Meta is planning additional job cuts over several rounds in the next few months, people familiar with the matter told The Wall Street Journal.
As per the report, this additional cuts would be roughly of the same magnitude as the 11,000 or 13 percent workforce layoffs last year. It further stated that cuts are expected to be announced next week and non-engineering roles are likely to be hard hit. Some projects and teams are also expected to be shot down.
Last year, Facebook parent Meta had said that it will let go of 13 percent of its workforce, or more than 11,000 employees, as part of a plan to reduce costs at the social-media platform following disappointing earnings, soaring costs, and a weak advertising market.
The news of layoffs has been going rounds since a month. Earlier in February, it was reported that the company was planning to let go thousands of workers. Washington Post had reported that the company was planning to push some leaders into lower-level roles without direct reports - essentially flattening the layers of management between top boss Mark Zuckerberg and the company's interns. On 7 March, people familiar with the matter had told Bloomberg that the company is planning to cut thousands more jobs as soon as this week in its fresh round of layoffs.
As per the latest WSJ report, the reductions this year are expected to reach the same proportion of those who remain, the people said, though the final count of the cumulative cuts expected over the second quarter isn't yet clear.
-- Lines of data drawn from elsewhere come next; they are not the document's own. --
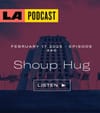 LA Podcast - Shoup Hug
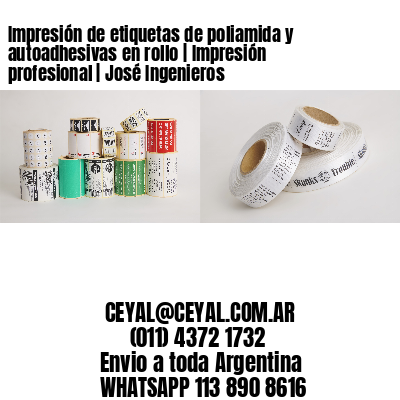 Impresión de etiquetas de poliamida y autoadhesivas en rollo | Impresión profesional | José Ingenieros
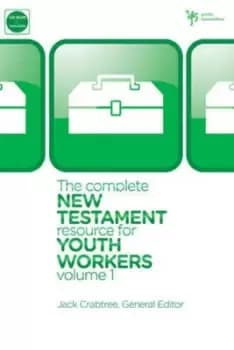 Image of The complete New Testament resource for youth workers by Jack Crabtree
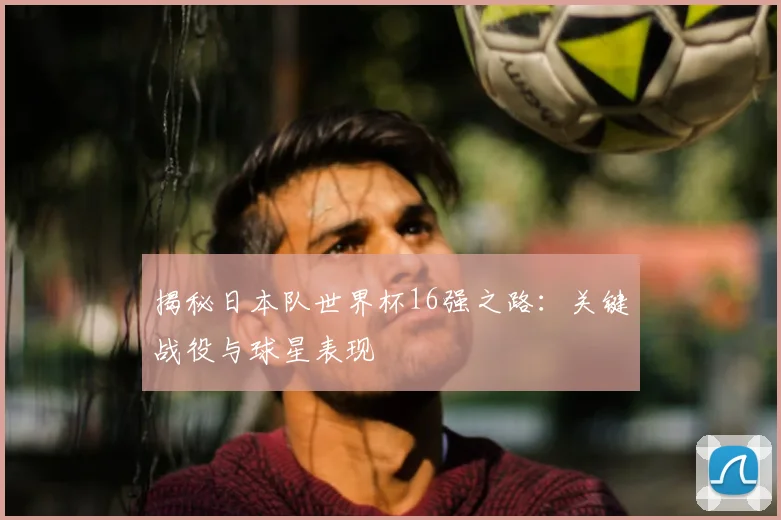 揭秘日本队世界杯16强之路：关键战役与球星表现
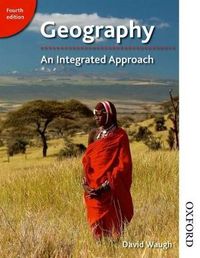 Geography: An Integrated Approach; David Waugh; 2009
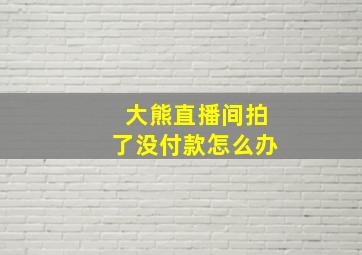 大熊直播间拍了没付款怎么办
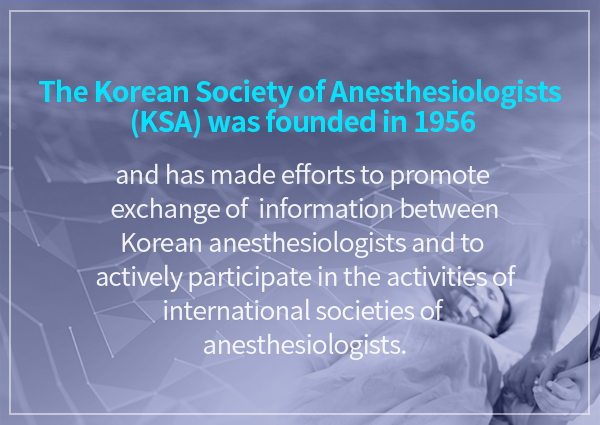 The Korean Society of Anesthesiologists (KSA) was founded in 1956 / and has made efforts to promote exchange of information between Korean anesthesiologists and to actively participate in the activities of international societies of anesthesiologists.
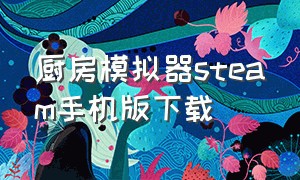 厨房模拟器steam手机版下载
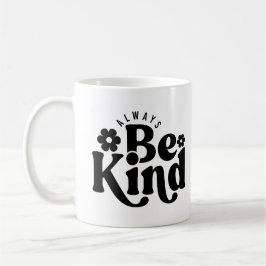 Mug Toujours être aimable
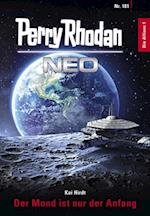 Perry Rhodan Neo 181: Der Mond ist nur der Anfang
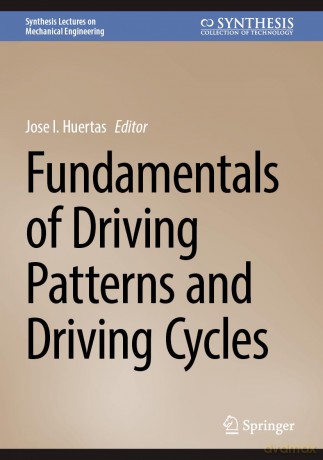 Fundamentals of Driving Patterns and Driving Cycles [KSIĄŻKA]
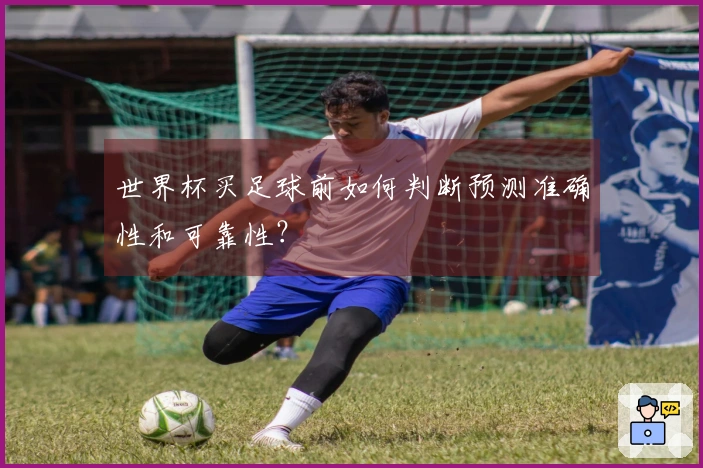 世界杯买足球前如何判断预测准确性和可靠性?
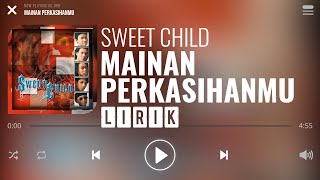 Download lagu Sweet Child - Mainan Perkasihanmu [Lirik] mp3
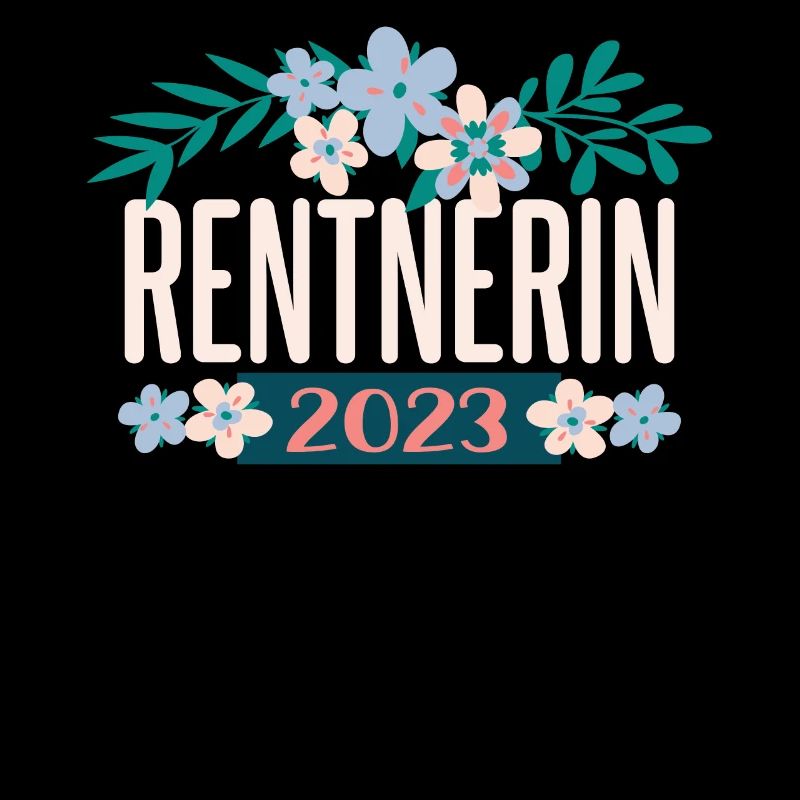 Rentnerin Geschenk Garten Spruch Rente Ruhestand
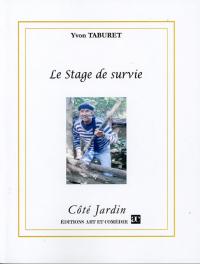 Acheter le livre : Le Stage de survie librairie du spectacle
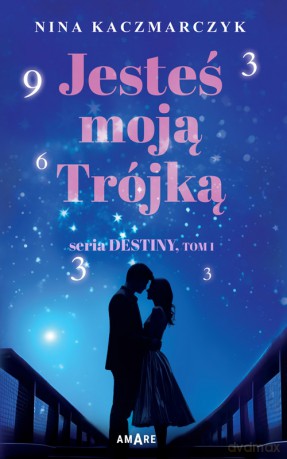 Jesteś moją Trójką - Nina Kaczmarczyk [KSIĄŻKA]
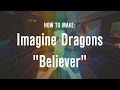 Imagine Dragons - Believer TUTORIAL (Recomposed)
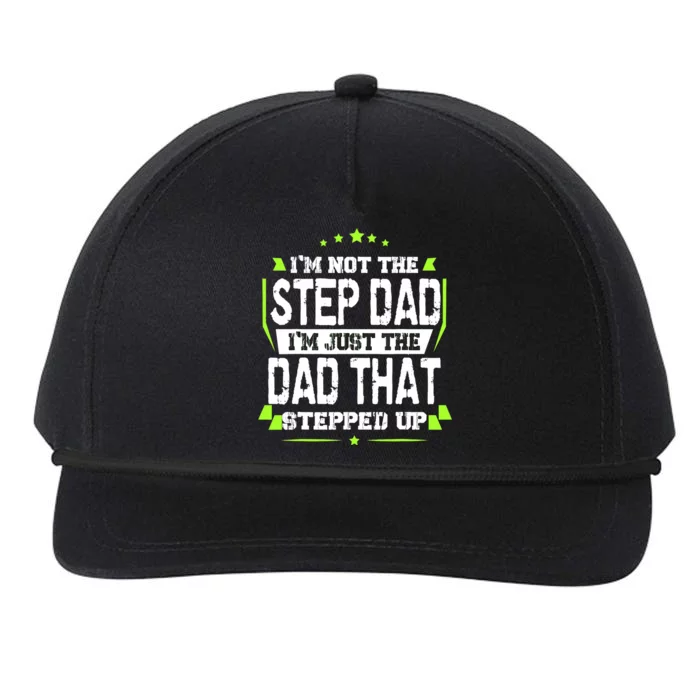 I'm Not The Stepdad I'm Just The Dad That Stepped Up Snapback Five-Panel Rope Hat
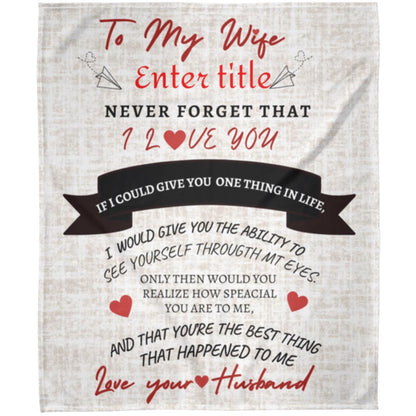 Personalized To My Wife blanket, Excellent for any occasion, or Just say 'I LOVE YOU!'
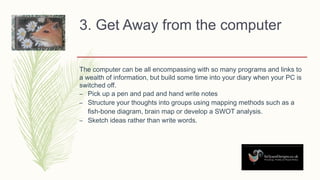 3. Get Away from the computer
The computer can be all encompassing with so many programs and links to
a wealth of information, but build some time into your diary when your PC is
switched off.
– Pick up a pen and pad and hand write notes
– Structure your thoughts into groups using mapping methods such as a
fish-bone diagram, brain map or develop a SWOT analysis.
– Sketch ideas rather than write words.
 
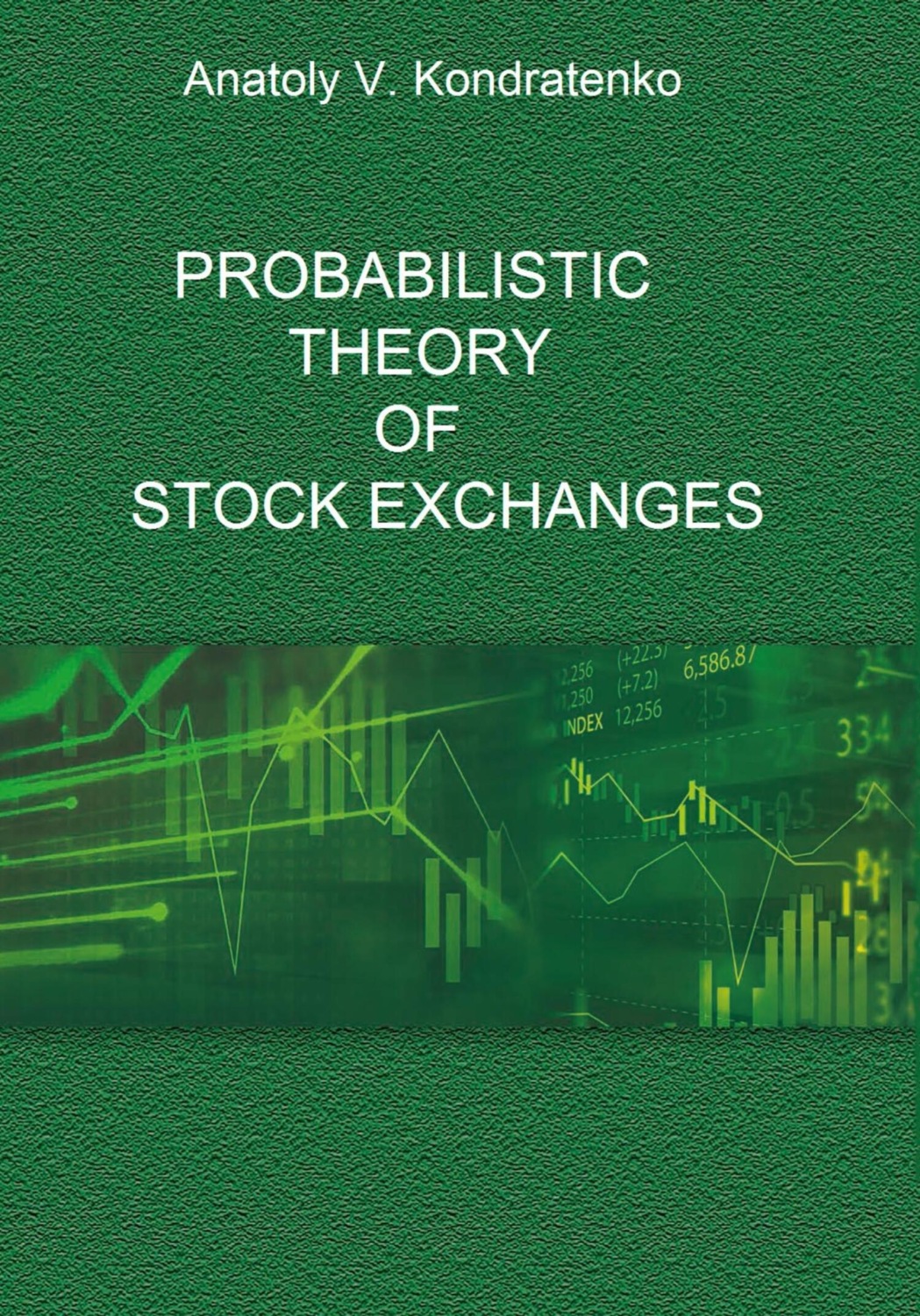 Обложка книги «Probabilistic Theory of Stock Exchanges»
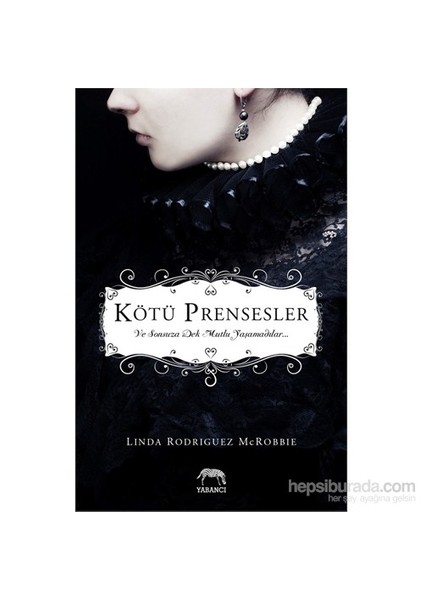 Kötü Prensesler - Linda Rodriguez Mcrobbie
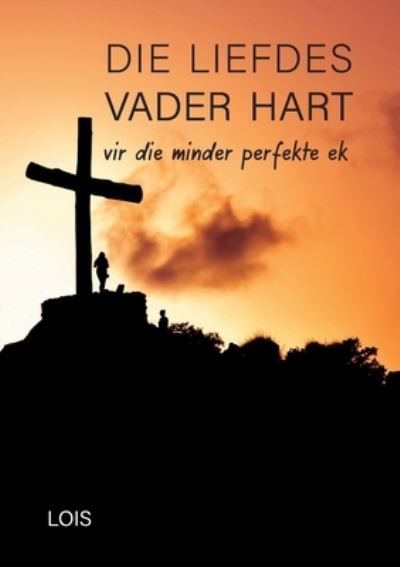 Cover for Lois L · Die Liedes Vader Hart (Paperback Book) (2021)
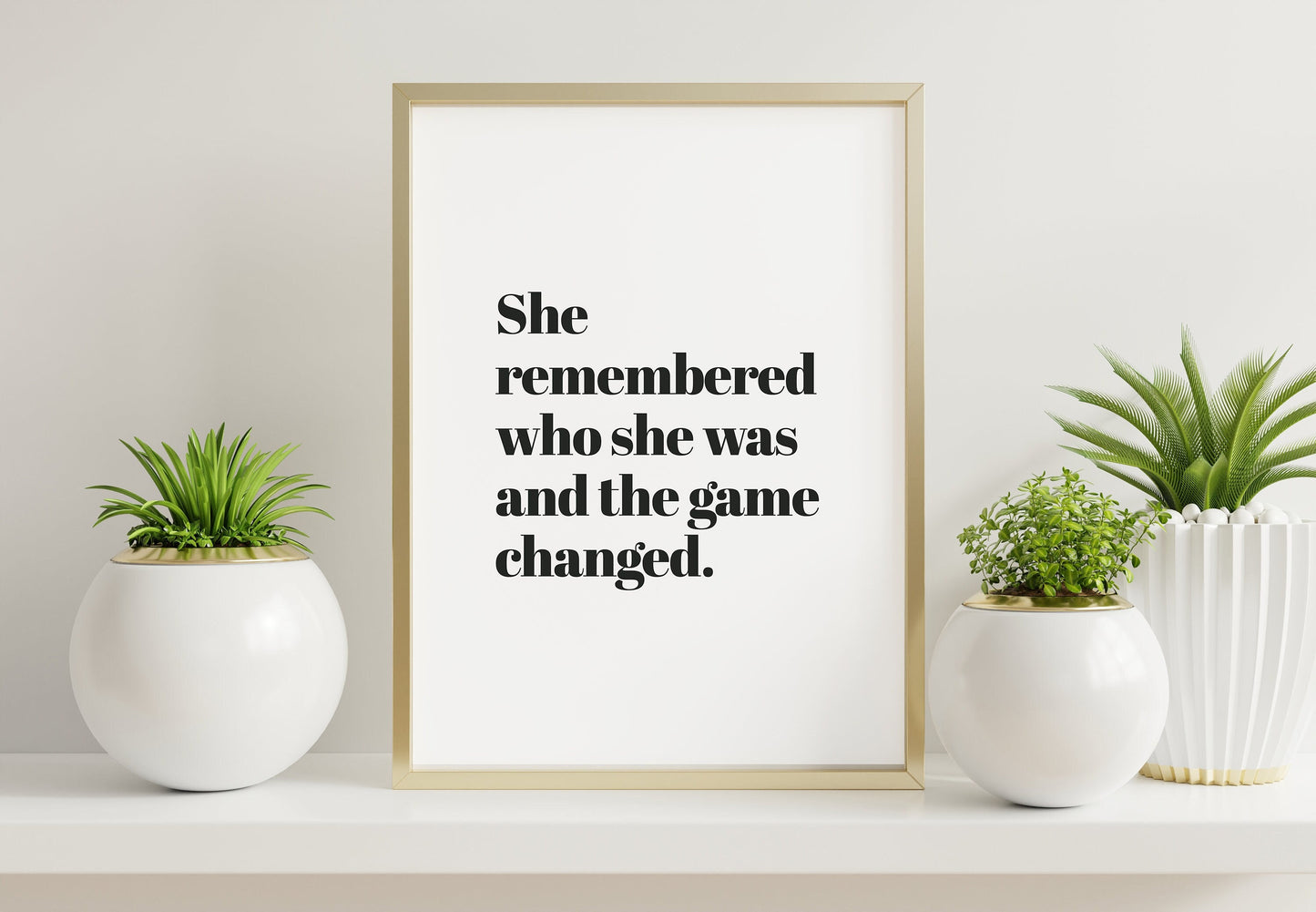 She remembered who she was and the game changed, Poster mit Spruch, Motivation Poster, Inspirierendes Zitat Poster, Büro Poster, Girl Power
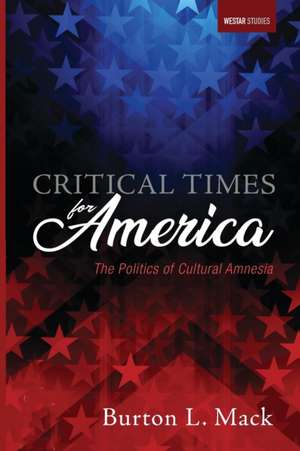 Critical Times for America de Burton L. Mack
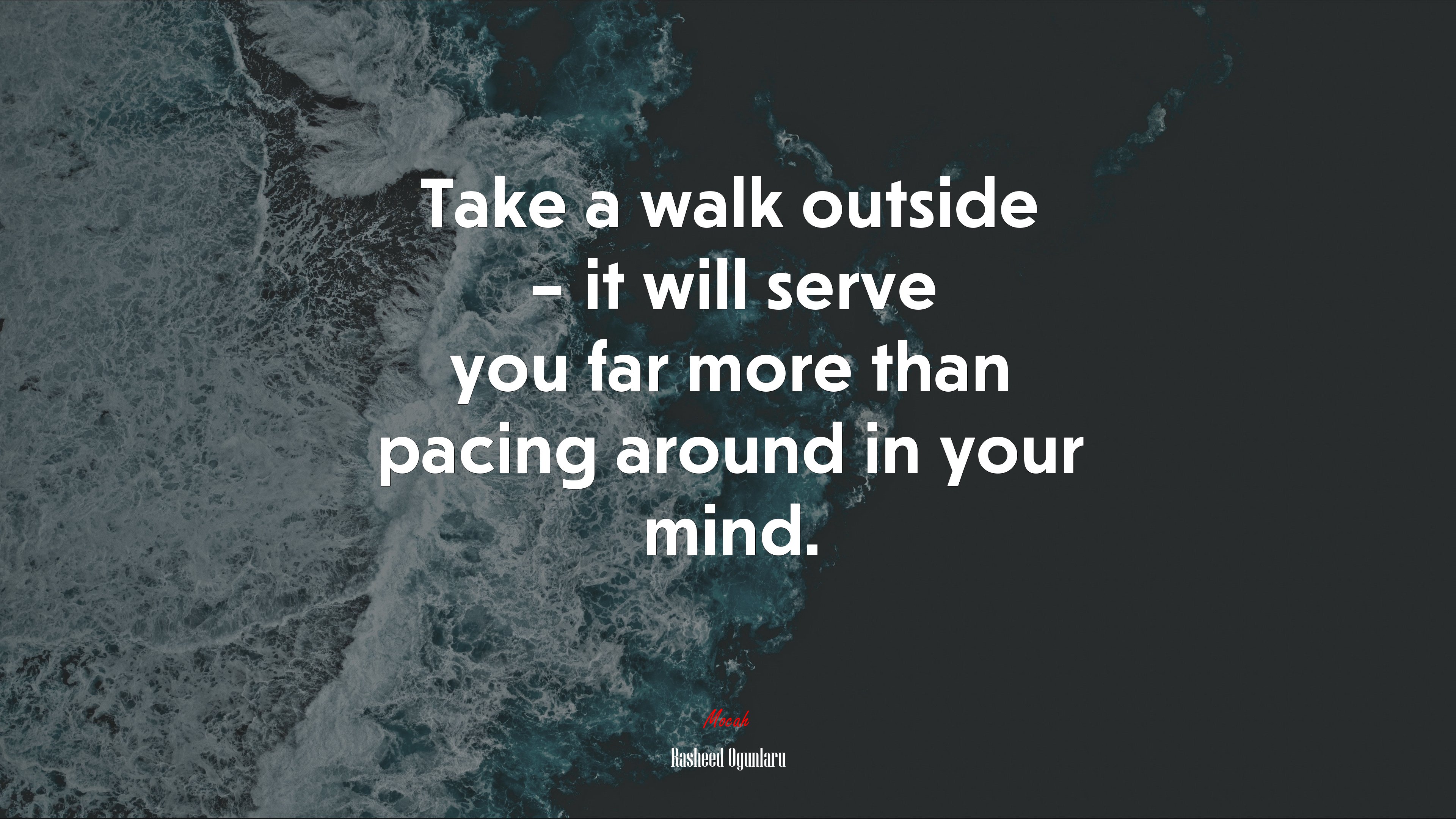 Take a walk outside – it will serve you far more than pacing around in your mind. | Rasheed Ogunlaru quote HD Wallpaper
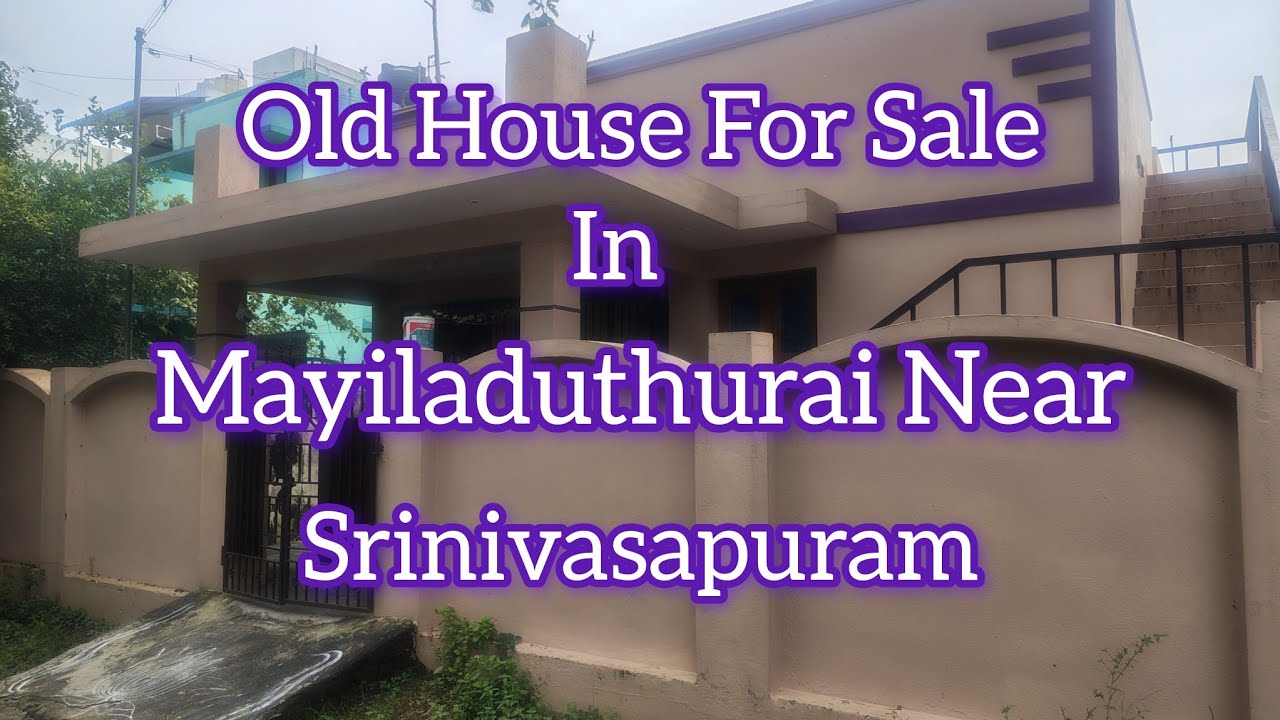 Old House For Sale In Mayiladuthurai Near Srinivasapuram / # oldhouseforsale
Among projects that will be cut are some wearable devices that were in the works at Reality Labs, Meta's hardware and metaverse division, the people said, suggesting a near-term retreat from efforts to popularize virtual and augmented reality products even as longer-term research efforts continue, reported WSJ.
Meta shares rose by more than 2 per cent in after-hours trading after The Wall Street Journal reported the planned cuts.
"We're continuing to look across the company, across both Family of Apps and Reality Labs, and really evaluate are we deploying our resources toward the highest leverage opportunities," Meta Chief Financial Officer Susan Li said Thursday at the Morgan Stanley 2023 Technology, Media & Telecom Conference.
Meta Chief Executive Mark Zuckerberg previously said that 2023 would be a "year of efficiency" at Meta and that some projects would likely shut down at the company.
The continuing cuts are notable given Zuckerberg's prediction in October that the company would end 2023 with roughly as many employees as it had at that time.
The company sought to encourage further attrition through the performance review process, reported WSJ.
Technology companies including Amazon.com Inc., Microsoft Corp. and others have cut thousands of jobs this year and last as profits retreat from pandemic-induced highs. Since 2022, layoff tallies have reached nearly 300,000 workers, according to Layoffs.fyi, a site that is tracking job cuts in the industry.